-------- SUPPLIED DATA --------

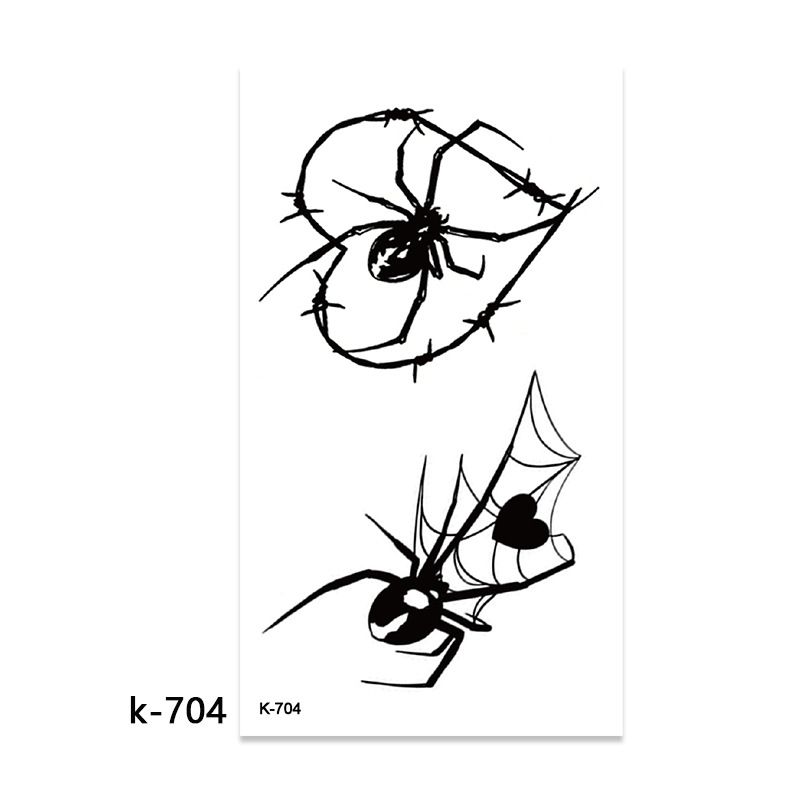 10 Sets temporary tattoo sets. Small tattoo designs perfect for all body skin types. Premium Realistic Temporary Tattoos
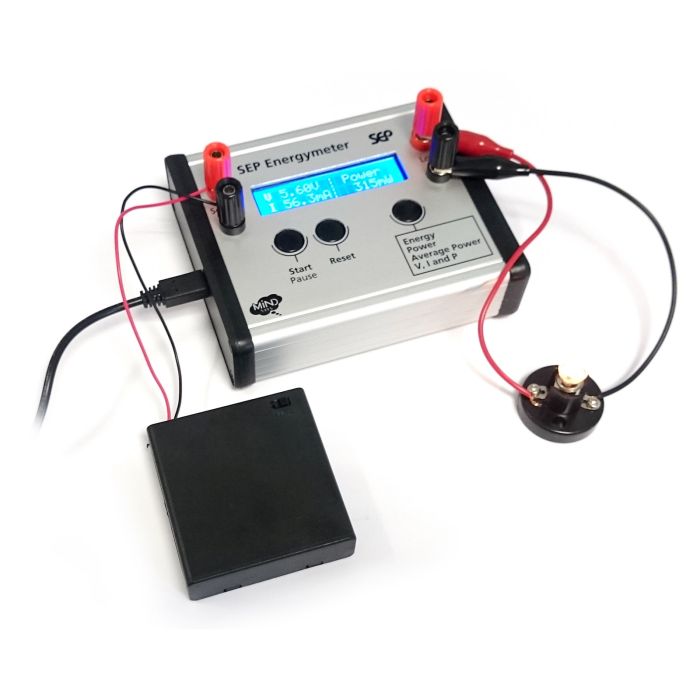 Sep Energy Meter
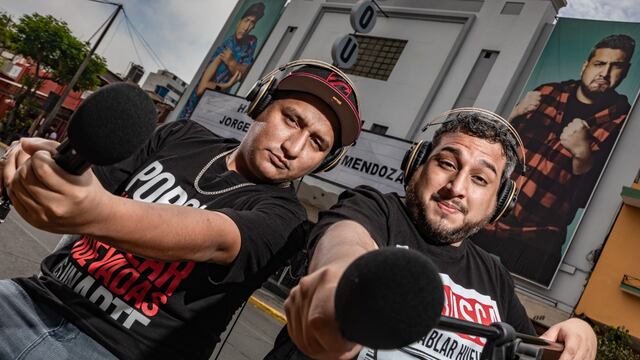 Hablando Huevadas: Conoce las polémicas de los comediantes Jorge y Ricardo (VIDEOS)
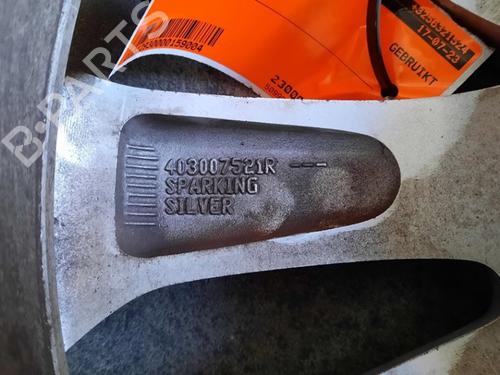 Rim RENAULT ZOE (BFM_) ZOE (BFMD) | BP15791082C45 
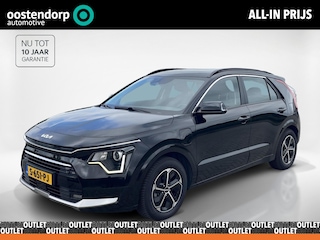 Kia Niro 1.6 GDi PHEV DynamicLine plug in hybride  info roel 0492-588951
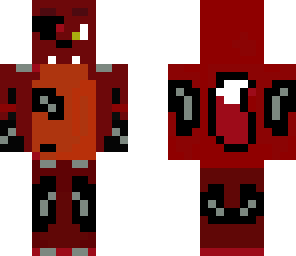 foxy the pirate fox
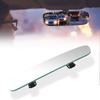 Car Rearview Inside Flat Large Field of Auxiliary Mirror X-STYLE Mirror, 360mm, Mirror, Mirror, Shatterproof, Ultra-High Reflectivity, View,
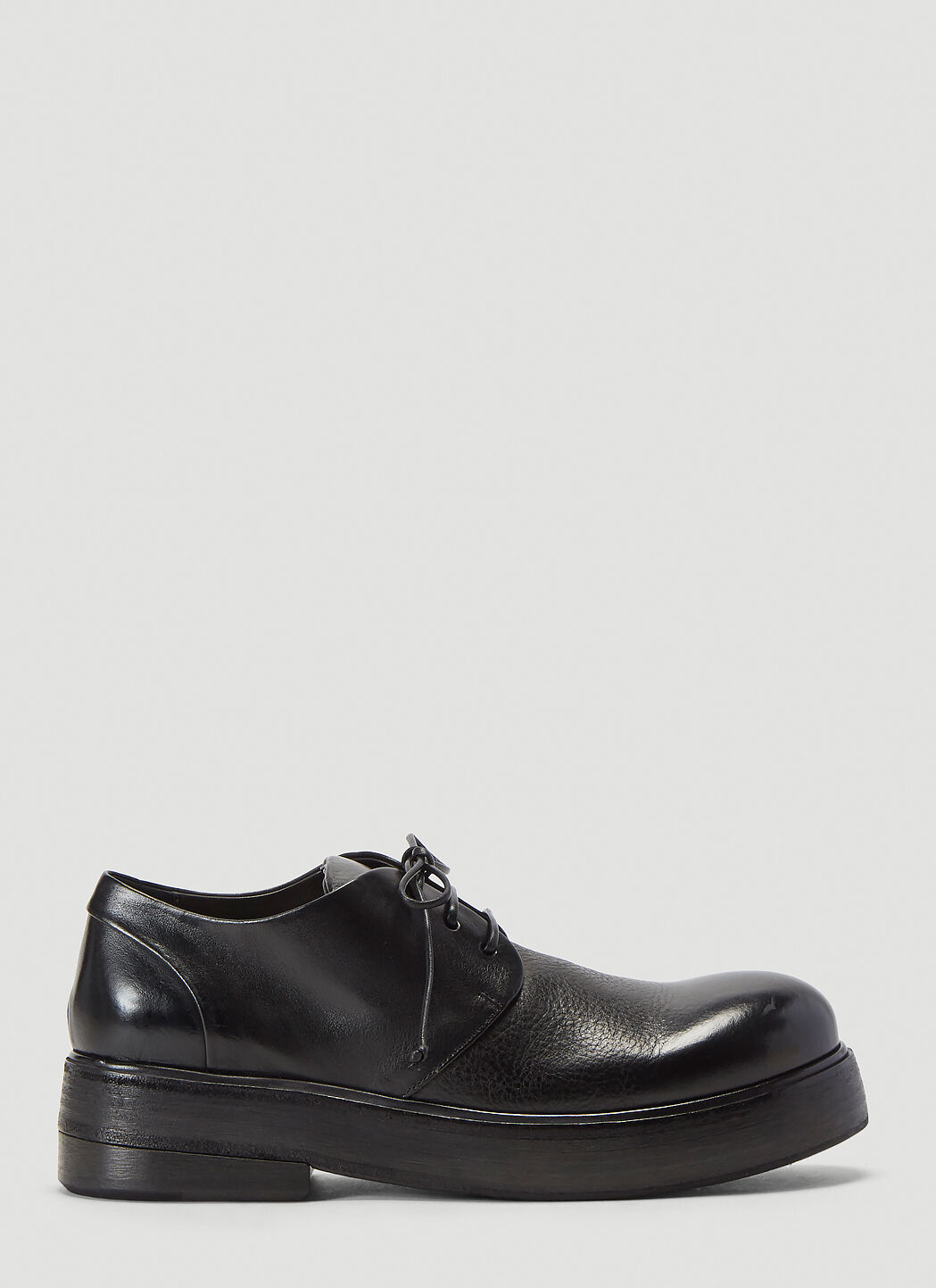 Vivienne Westwood Zuccolona Derby Shoes ブラック vvw0255059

--------

ASSIGNMENT:
What is needed is an exact copy of the entries above, with no images in it.

RESPONSE AREA:
 10 Sets temporary tattoo sets. Small tattoo designs perfect for all body skin types. Premium Realistic Temporary Tattoos
 Sep Energy Meter
 Hablando Huevadas: Conoce las polémicas de los comediantes Jorge y Ricardo (VIDEOS)
 Rim RENAULT ZOE (BFM_) ZOE (BFMD) | BP15791082C45 
 Kia Niro 1.6 GDi PHEV DynamicLine plug in hybride  info roel 0492-588951
 foxy the pirate fox
 Car Rearview Inside Flat Large Field of Auxiliary Mirror X-STYLE Mirror, 360mm, Mirror, Mirror, Shatterproof, Ultra-High Reflectivity, View,
 Vivienne Westwood Zuccolona Derby Shoes ブラック vvw0255059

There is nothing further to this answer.